The day after the Christmas game, ESPN’s Skip Bayless tweeted out, “Chiefs imploding on the field and the sideline. Taylor Swift Effect???” This hypothesis came shortly after Bayless wrote that he “feels like it’s about time to call Taylor Swift a distraction.” Radio personality and sports commentator Craig Carton similarly suggested Swift was to blame for Kelce supposedly underperforming as of late, musing on whether he’s “distracted” by their “very public” relationship: “Everyone knows what it’s like at some point to fall in love and have that be the main focus of everything and maybe you lose sight of the other stuff because you have this great new relationship,” he said. Meanwhile, “Yoko Ono” briefly trended on Twitter during and after the Chiefs’ latest game and… I’ll let you guess why.

I have my own personal feelings about this: Namely, what does Swift have to do with whether or not her big beefy boyfriend can catch a ball??? Wherever you fall on the deep and intense spectrum of Taylor Swift Feelings, I think we can all agree that fame has not impacted her own capacity to perform, so her fame shouldn’t be blamed for a man’s performance problems. It’s pretty 101 sexism, to the point that it feels weird to even be talking about this in 2023, but none of this is surprising in a world where the “Kardashian Kurse” remains a universally upheld theorem of sports fandom, and dudes lighting shit on fire is seen as an acceptable response to their team losing.

That said, I am not going to lecture any further about the misogyny of it all. I would just gently ask the male sports fans who insist on whining and bitching about Swift, the attention she receives at games, and her new relationship: Do you know what you’re getting yourselves into…?

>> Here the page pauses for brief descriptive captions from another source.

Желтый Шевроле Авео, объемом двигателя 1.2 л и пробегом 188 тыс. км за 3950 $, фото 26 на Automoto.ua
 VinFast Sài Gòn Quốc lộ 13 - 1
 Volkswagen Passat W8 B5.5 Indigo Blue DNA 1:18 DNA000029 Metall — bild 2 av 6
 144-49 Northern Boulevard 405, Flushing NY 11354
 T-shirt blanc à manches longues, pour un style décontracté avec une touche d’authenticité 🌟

For better and, in plenty of cases, for worse, Swift fans go to war for their queen. Male sports fans are probably most accustomed to intra-fandom feuding, telling fans of rival teams to kill themselves, telling these rival fans their wives and kids are ugly, et cetera. But that’s light work compared to what most pop stans are capable of. As one Twitter user quote-tweeting Bayless’ disparaging comments about Swift put it, “skip thinks he’s just engagement baiting again and will not realize what fire he’s playing with here until he tries to start his car tomorrow morning.” Again, I ask, @TravisKelceFan123, are you ready to see your credit card number and address on Twitter dot com?? @ILovePatrickMahomes69, are you ready to die for your opinion that Swift is the “Yoko Ono” of the Chiefs?? Because you just might!

I am of the strong opinion that overly zealous fandoms are the bane—and likely apocalyptic downfall—of society. That said, I’m pretty tired of the unchecked egos of many a male sports fan parading about the internet and rioting in the streets as if they own this place, and I’m ready for them to be put in their place by a different fandom that is just as capable of fighting tooth-and-nail. Sure, it remains debatable as to whether Swift herself offers a meaningful contribution to feminism, but I would find it—if not feminist—then very, very funny to watch her Swifties stomp out sexist sports fans who were caught unprepared for the smoke.

As for Kelce’s thoughts on all this: He doesn’t seem especially bothered by her fame. “Obviously I’ve never dated anyone with that kind of aura about them…. I’ve never dealt with it,” he told the Wall Street Journal last month. “The scrutiny she gets, how much she has a magnifying glass on her, every single day… and she’s just living, enjoying life. When she acts like that I better not be the one acting all strange.” OK, that’s lovely and all, now, please get your fans to listen to you before they get themselves killed, sir.